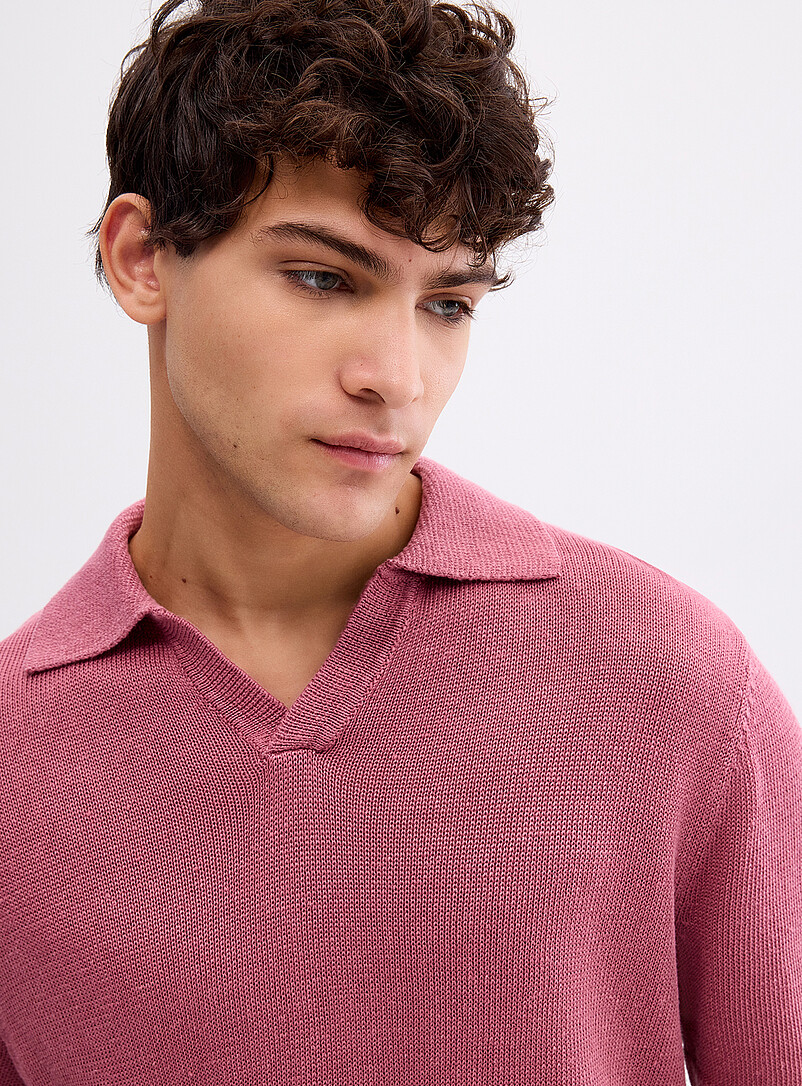 Le 31 Green 100% linen knit Johnny collar polo for men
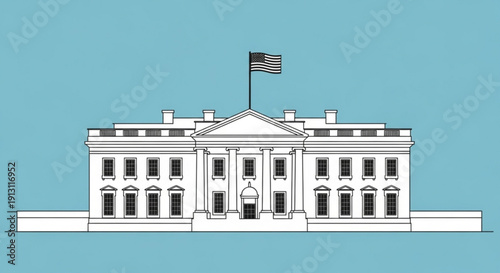 The white house building with american flag on top against blue background illustration of government architecture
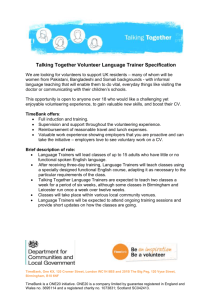 Talking Together Volunteer Language Trainer Specification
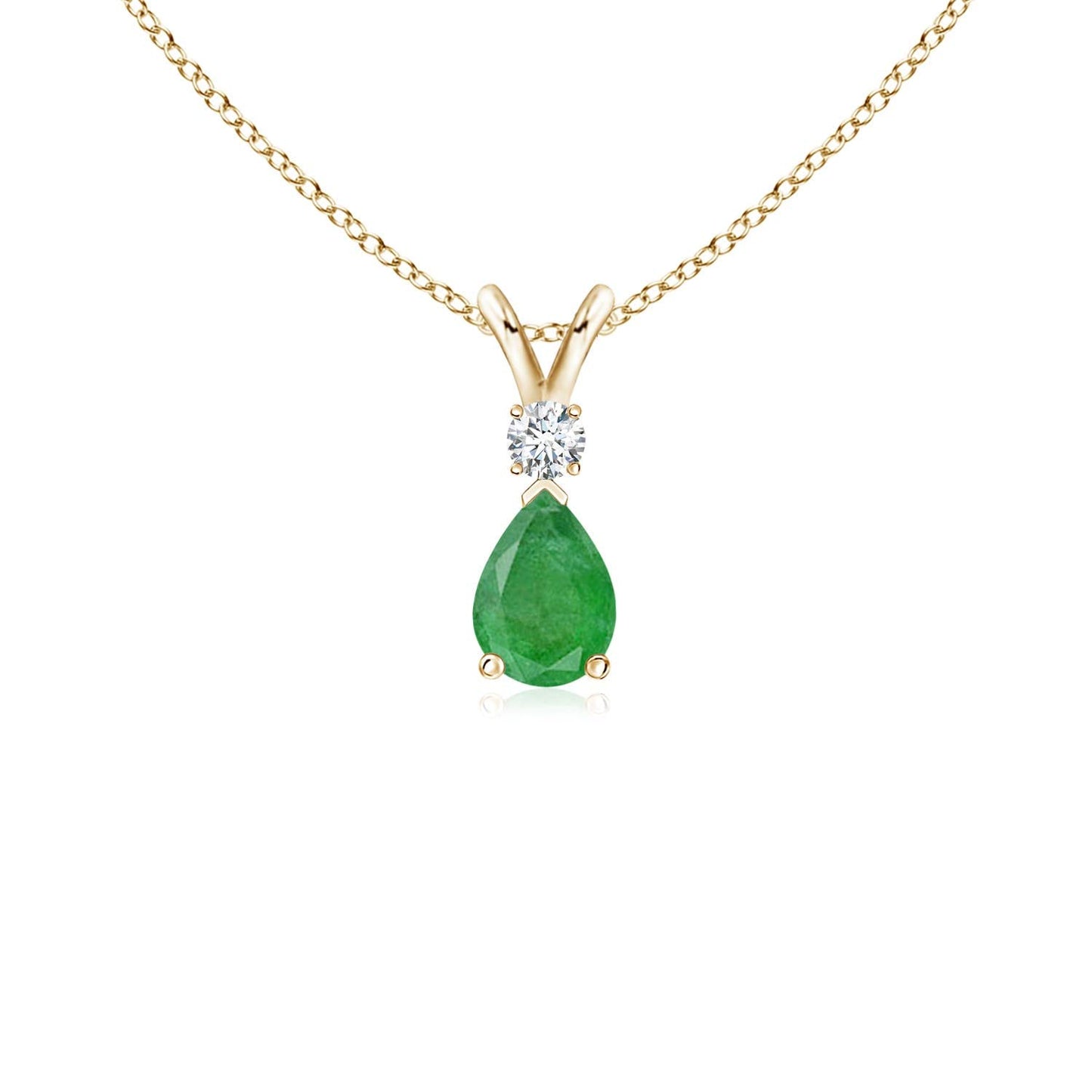 Angara 0.38 ct Emerald Teardrop V-Bale Necklace with Diamond in 14K Yellow Gold | Natural Prong-Set Emerald Pendant for Women | July Birthday Gemstone Jewelry Gift | 6x4mm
○ ○ ○ ○
About this exercise: Retype, word for word, the line containing "Talking Together Volunteer" and each line after it through the end of the data, leaving any picture out.

Task answer:
 Talking Together Volunteer Language Trainer Specification
 Angara 0.38 ct Emerald Teardrop V-Bale Necklace with Diamond in 14K Yellow Gold | Natural Prong-Set Emerald Pendant for Women | July Birthday Gemstone Jewelry Gift | 6x4mm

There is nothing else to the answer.